══ Exercise data

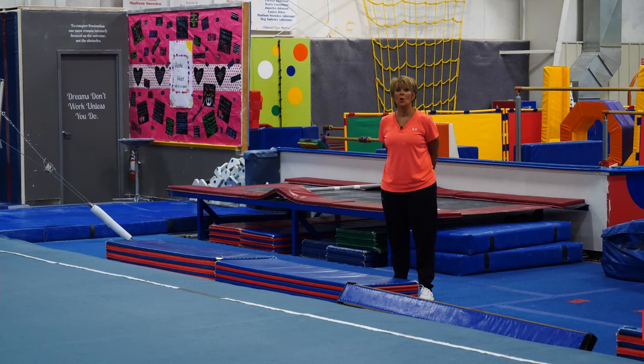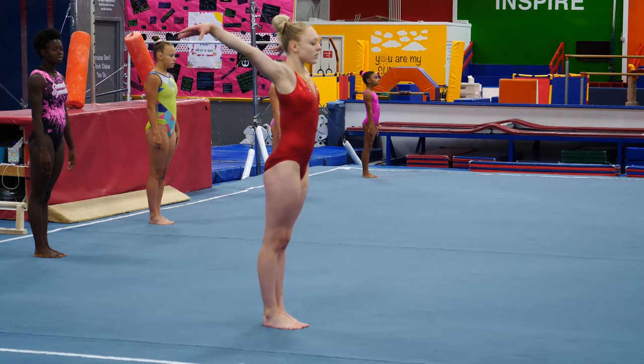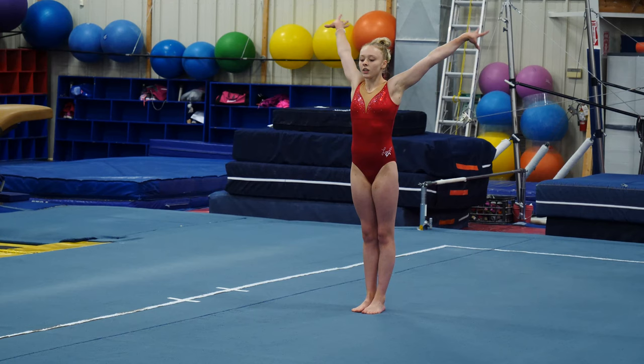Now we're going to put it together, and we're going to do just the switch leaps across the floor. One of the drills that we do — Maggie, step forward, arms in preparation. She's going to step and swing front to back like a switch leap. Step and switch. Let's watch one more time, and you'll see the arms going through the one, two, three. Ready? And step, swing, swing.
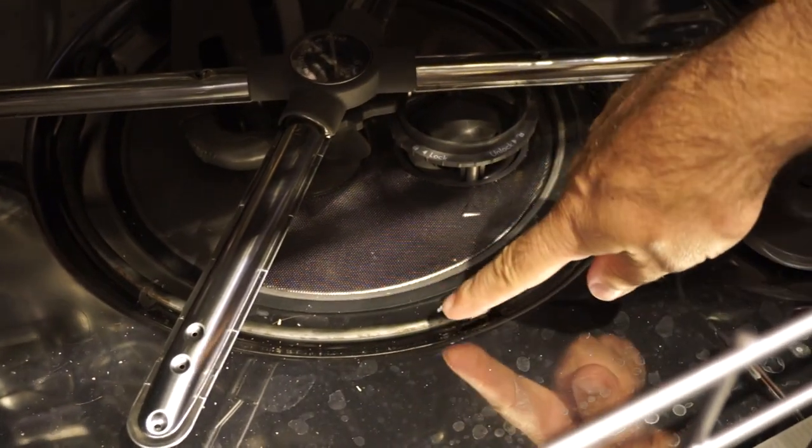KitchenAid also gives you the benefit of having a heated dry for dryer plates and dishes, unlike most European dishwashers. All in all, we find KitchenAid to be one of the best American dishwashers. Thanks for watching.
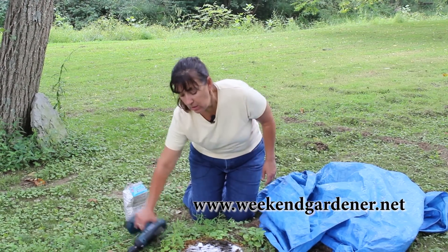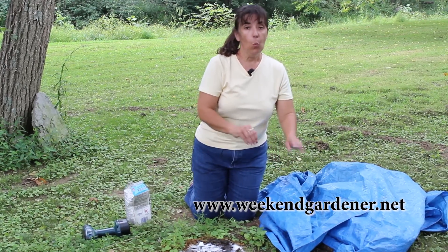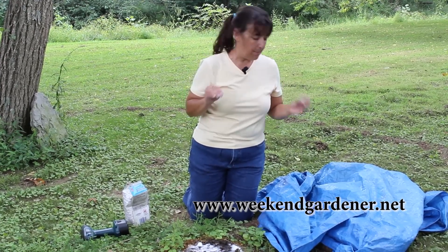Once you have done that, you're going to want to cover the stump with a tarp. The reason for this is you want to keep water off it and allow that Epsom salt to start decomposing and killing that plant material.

════

Prompt: Give the listing again word for word. Skip any pictures.

The completed task:
Now we're going to put it together, and we're going to do just the switch leaps across the floor. One of the drills that we do — Maggie, step forward, arms in preparation. She's going to step and swing front to back like a switch leap. Step and switch. Let's watch one more time, and you'll see the arms going through the one, two, three. Ready? And step, swing, swing.
KitchenAid also gives you the benefit of having a heated dry for dryer plates and dishes, unlike most European dishwashers. All in all, we find KitchenAid to be one of the best American dishwashers. Thanks for watching.
Once you have done that, you're going to want to cover the stump with a tarp. The reason for this is you want to keep water off it and allow that Epsom salt to start decomposing and killing that plant material.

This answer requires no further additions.